* Try it
From the material below, return exactly the lines starting at the one that holds "牛人钓鱼怎么除水草(野钓除水草工具)" and ending at the one that holds "WELEDA 薇蕾德 金盞花寶貝柔護面霜, 6條, 50ml". Pictures stay out of the answer.

* Data provided

<<<<

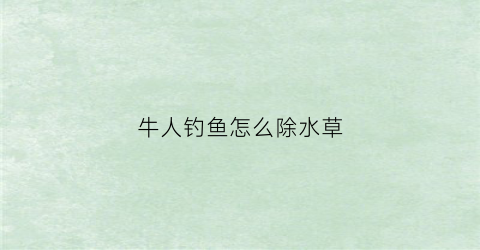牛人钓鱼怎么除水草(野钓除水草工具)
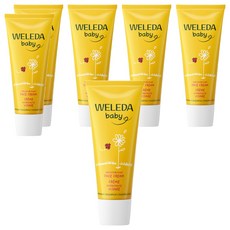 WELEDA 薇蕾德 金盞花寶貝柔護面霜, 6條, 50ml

>>>>
<<<<

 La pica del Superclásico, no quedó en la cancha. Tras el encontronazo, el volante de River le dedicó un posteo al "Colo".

>>>>

* Exercise response
牛人钓鱼怎么除水草(野钓除水草工具)
 WELEDA 薇蕾德 金盞花寶貝柔護面霜, 6條, 50ml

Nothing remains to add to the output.